| Work request |
Each line below needs to be returned exactly. Skip any picture.

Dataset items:
▼

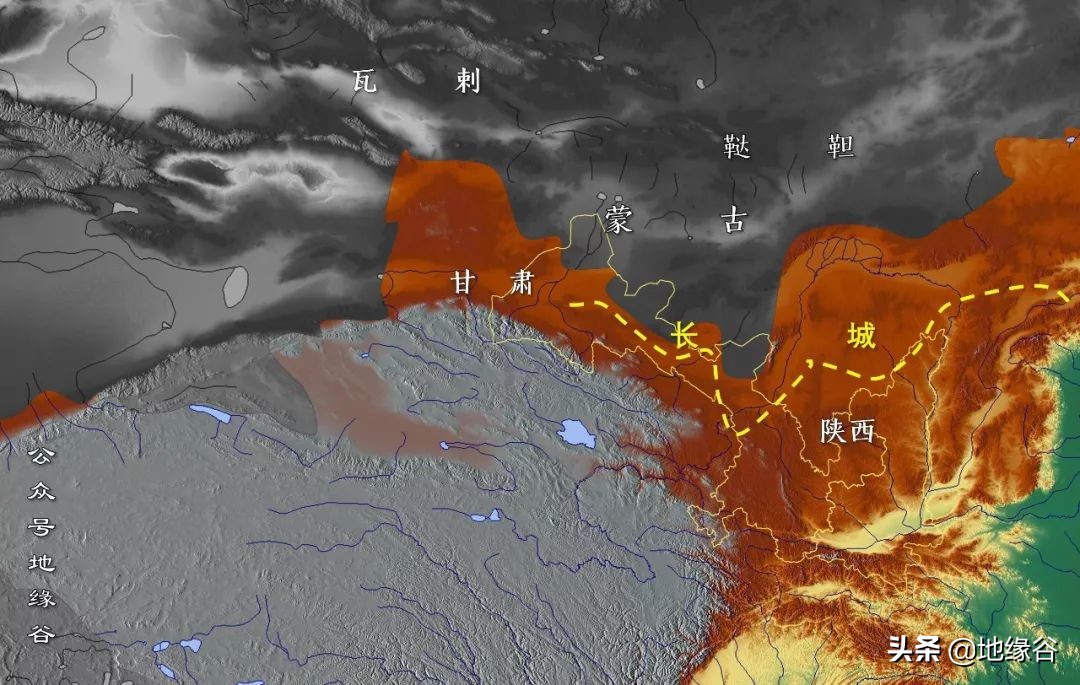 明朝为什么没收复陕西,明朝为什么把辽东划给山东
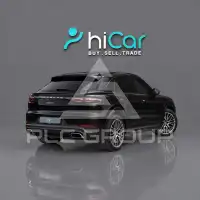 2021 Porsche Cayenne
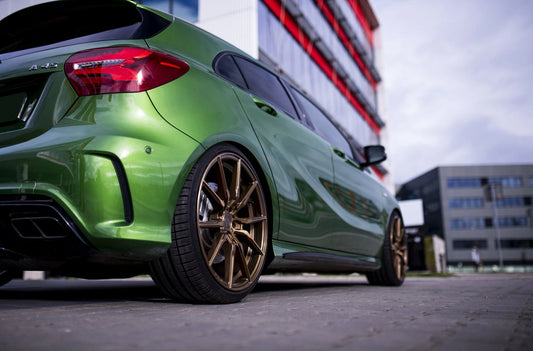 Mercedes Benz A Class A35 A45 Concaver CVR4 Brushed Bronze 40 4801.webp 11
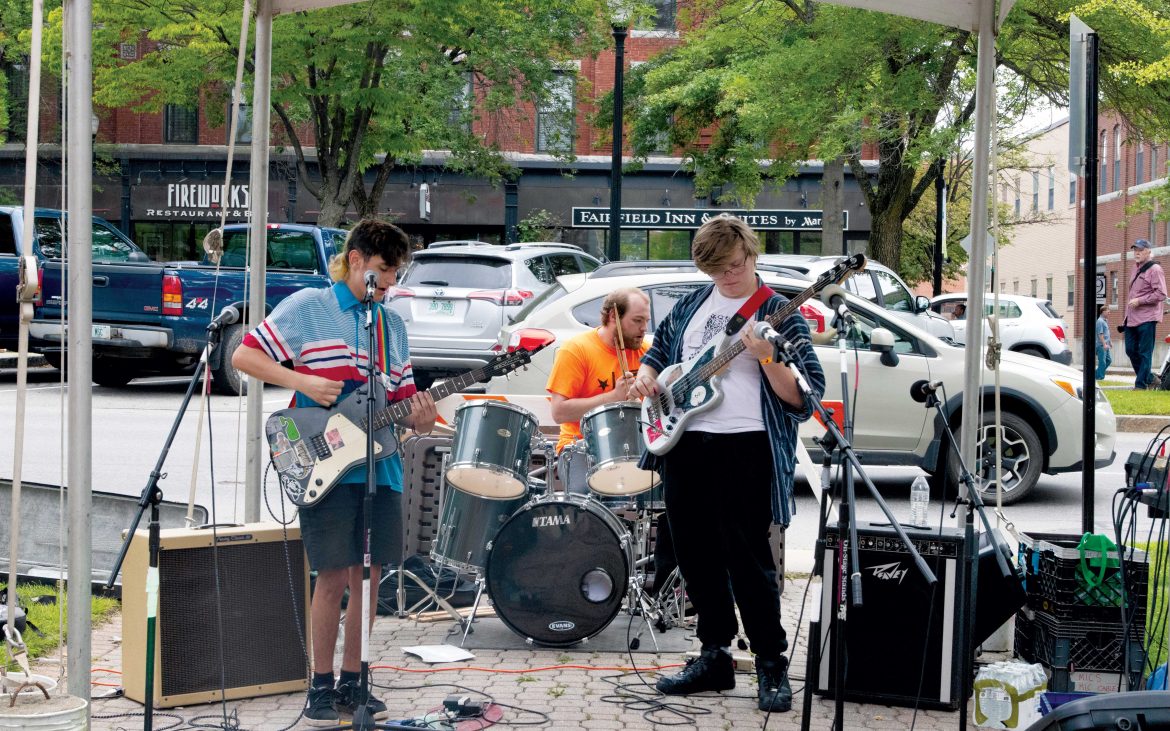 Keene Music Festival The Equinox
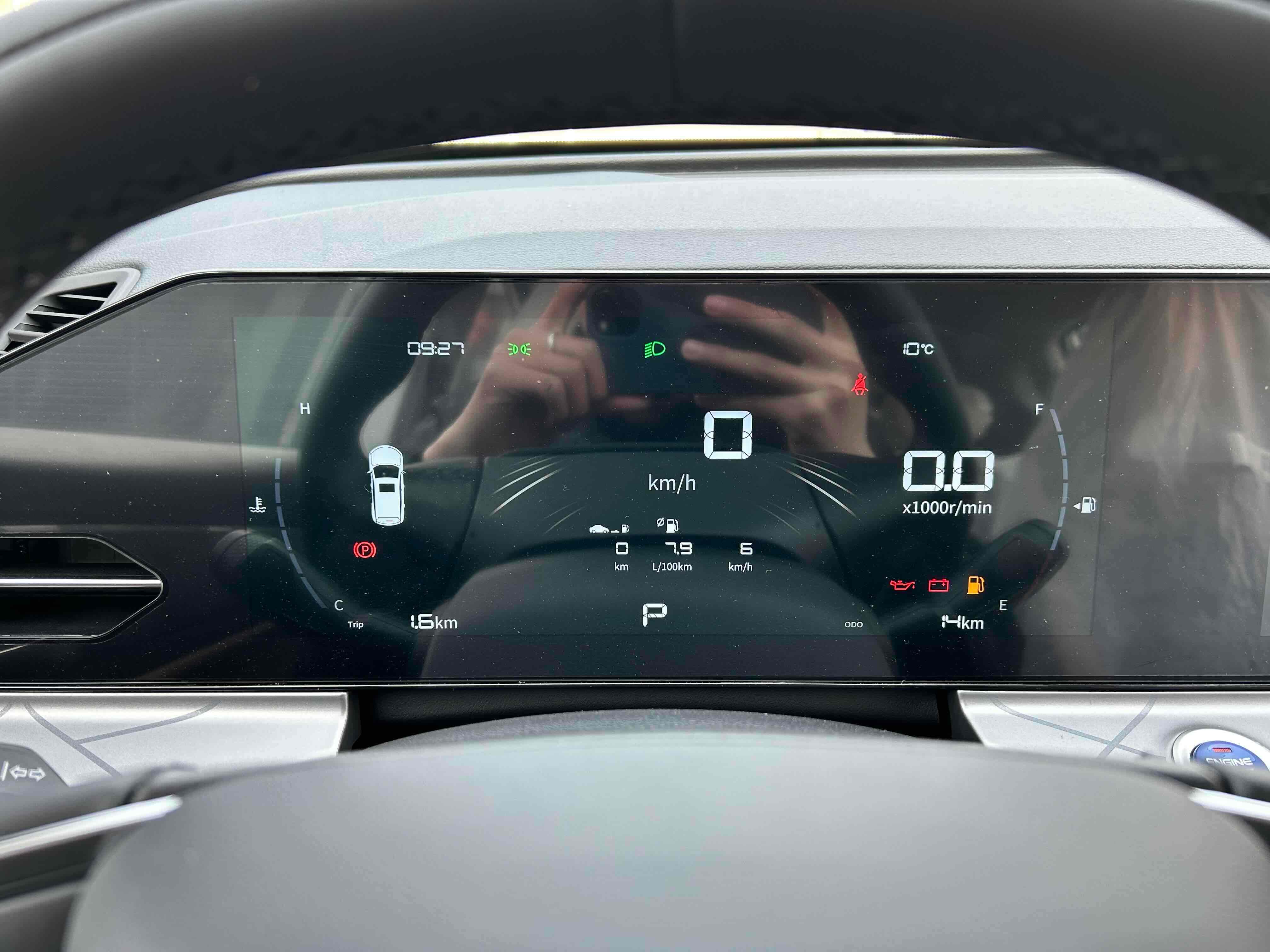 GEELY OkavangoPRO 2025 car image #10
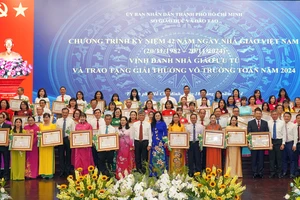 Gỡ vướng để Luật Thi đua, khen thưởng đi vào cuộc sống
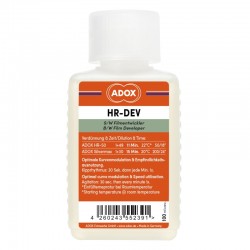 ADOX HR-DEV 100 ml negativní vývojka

▲

| Task output |
 明朝为什么没收复陕西,明朝为什么把辽东划给山东
 2021 Porsche Cayenne
 Mercedes Benz A Class A35 A45 Concaver CVR4 Brushed Bronze 40 4801.webp 11
 Keene Music Festival The Equinox
 GEELY OkavangoPRO 2025 car image #10
 Gỡ vướng để Luật Thi đua, khen thưởng đi vào cuộc sống
 ADOX HR-DEV 100 ml negativní vývojka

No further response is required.